W should be a Weyl group corresponding to an algebraic group 𝐆. This function returns a list describing representatives 𝐇 of 𝐆-orbits of reductive subgroups of 𝐆 which are the identity component of the centralizer of a semisimple element. Each group 𝐇 is specified by a list h of reflection indices in W such that 𝐇 corresponds to reflection_subgroup(W,h). If a second argument p is given, only the list of the centralizers which occur in characteristic p is returned.

julia> W=coxgroup(:G,2)
G₂

julia> sscentralizer_reps(W)
6-element Vector{Vector{Int64}}:
 []
 [1]
 [2]
 [1, 2]
 [1, 5]
 [2, 6]

julia> reflection_subgroup.(Ref(W),sscentralizer_reps(W))
6-element Vector{FiniteCoxeterSubGroup{Perm{Int16},Int64}}:
 G₂₍₎=Φ₁²
 G₂₍₁₎=A₁Φ₁
 G₂₍₂₎=Ã₁Φ₁
 G₂
 G₂₍₁₅₎=A₂
 G₂₍₂₆₎=Ã₁×A₁

julia> sscentralizer_reps(W,2)
5-element Vector{Vector{Int64}}:
 []
 [1]
 [2]
 [1, 2]
 [1, 5]

structure_rational_points_connected_centre(W,q)

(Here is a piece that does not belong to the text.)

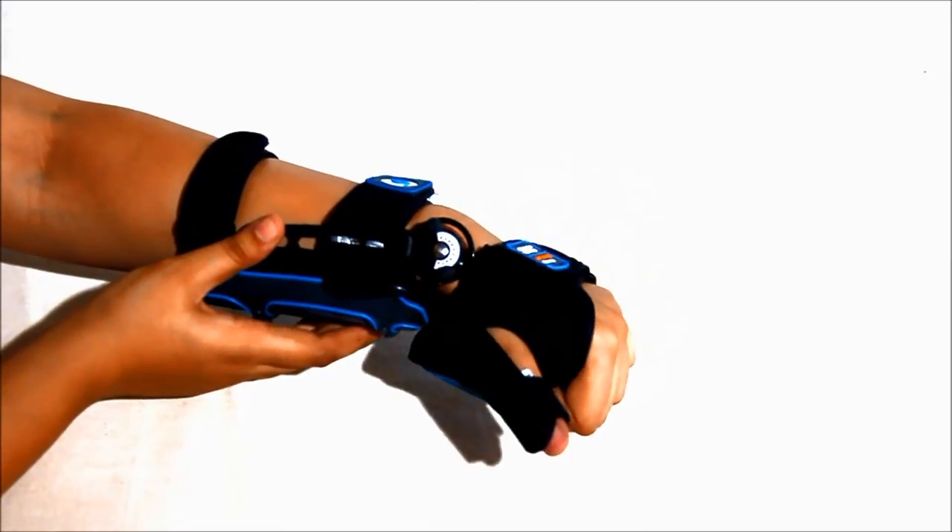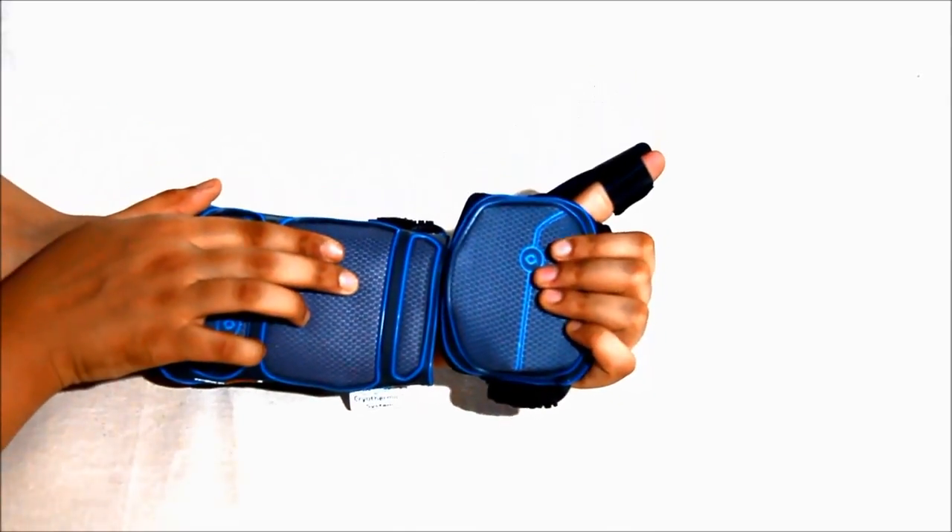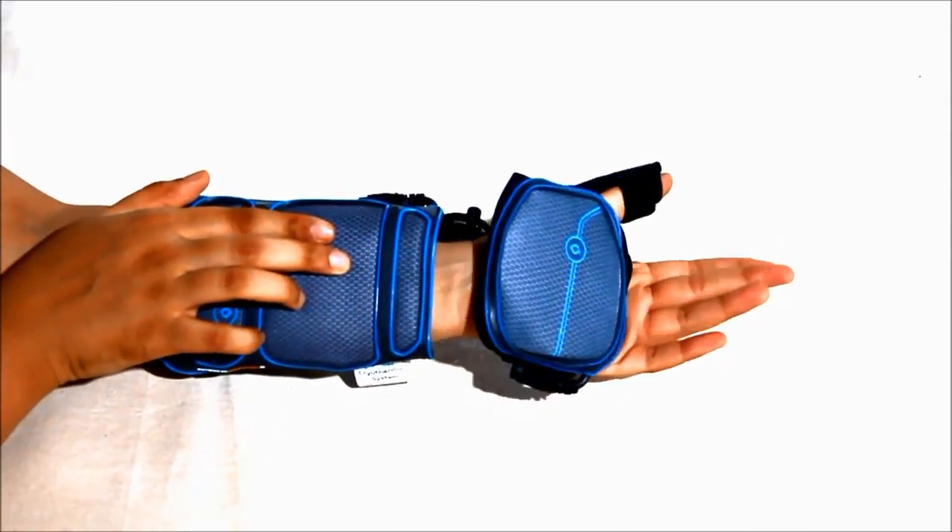This is how the wrist wrap looks after the application. It is lightweight, portable, and allows for instant application of hot, cold, and contrast therapies, anytime and anywhere.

W should be a Coxeter group or a Coxeter coset representing a finite reductive group $𝐆 ^F$, and q should be the prime power associated to the isogeny F. The function returns the abelian invariants of the finite abelian group $Z⁰𝐆 ^F$ where Z⁰𝐆 is the connected center of 𝐆.

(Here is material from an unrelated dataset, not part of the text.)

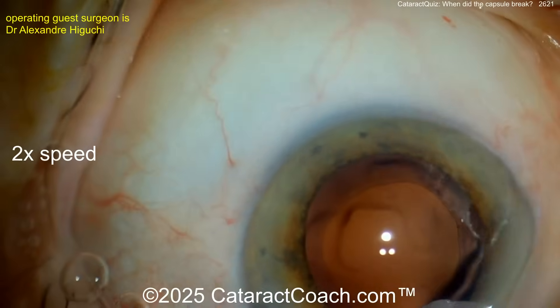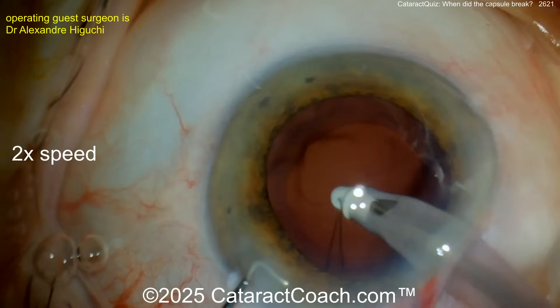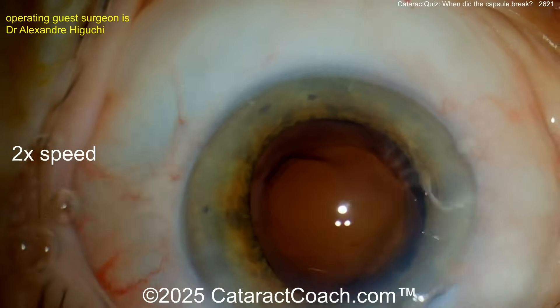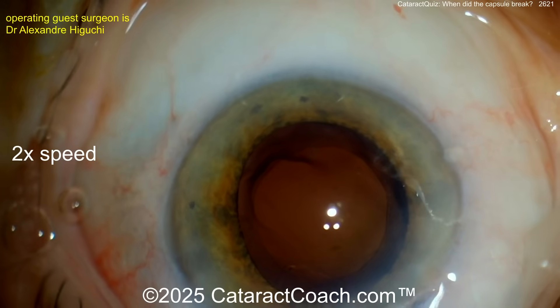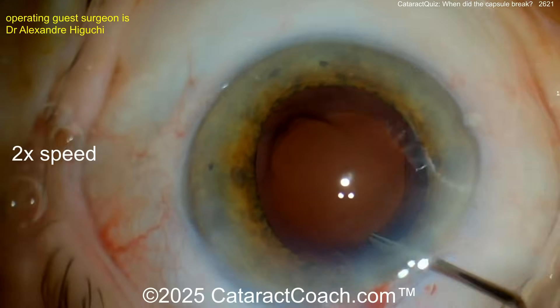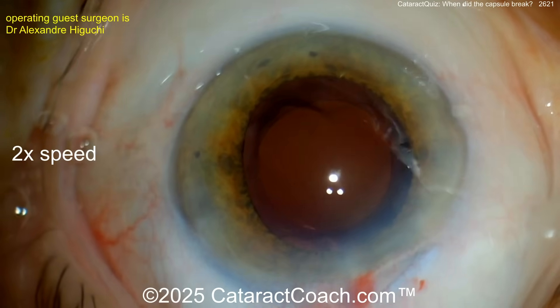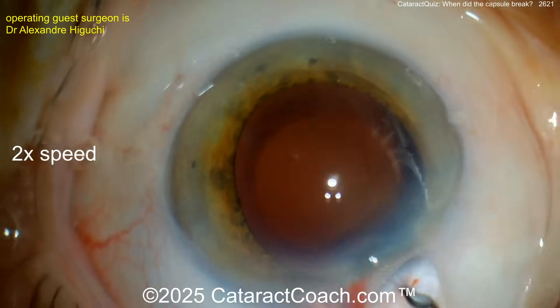Did the break happen when the nuclear pieces were removed? I think the bag was already broken by the time the IA probe was placed. Our surgeon doesn't realize the bag is open — it's very subtle. I watched the video again and couldn't quite figure out exactly where the bag broke. Leave a comment below and let me know.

In the following example one determines the structure of 𝐓(𝔽₃) where 𝐓 runs over all the maximal tori of SL₄.

julia> l=twistings(rootdatum(:sl,4),Int[])
5-element Vector{Spets{FiniteCoxeterSubGroup{Perm{Int16},Int64}}}:
 A₃₍₎=Φ₁³
 A₃₍₎=Φ₁²Φ₂
 A₃₍₎=Φ₁Φ₂²
 A₃₍₎=Φ₁Φ₃
 A₃₍₎=Φ₂Φ₄

julia> structure_rational_points_connected_centre.(l,3)
5-element Vector{Vector{Int64}}:
 [2, 2, 2]
 [2, 8]
 [4, 8]
 [26]
 [40]

fixed_points(T::SubTorus,m)

Let σ be an automorphism of T represented as a matrix m∈ GL(X(T)). The function returns $(T^{σ0},σ$-stable representatives of $T/T^{σ0})$

It uses the formula in (Digne and Michel, 2018; 1.2(1)) for $T/T^{σ0}$ which is Ker(1+σ+σ^2+...)/Im(σ-Id).

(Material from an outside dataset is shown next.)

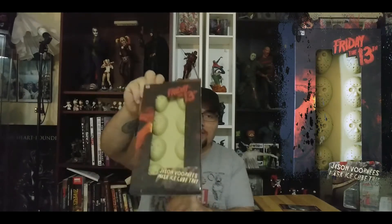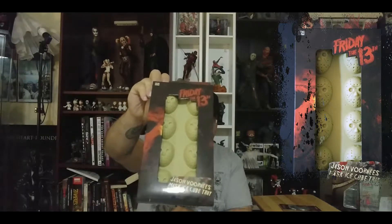This is probably my favorite item in the box so far. We got Jason Voorhees ice cube molds — they're his mask and they're really detailed. I can't wait to actually make a drink with some of these. It's pretty cool, and it's silicone.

ExtendedReflectionGroup(W,mats)

ExtendedReflectionGroup(W,perms)

An extended reflection group is the semi-direct product of a reflection group W on the space V by a group of diagram automorphisms (elements of GL(V) which normalize W). It is represented as a collection of reflection cosets which generate it.

In the first form, mats are the automorphisms given as elements of GL(V). In the second form, the automorphisms are specified by the permutations they induce on the roots of W.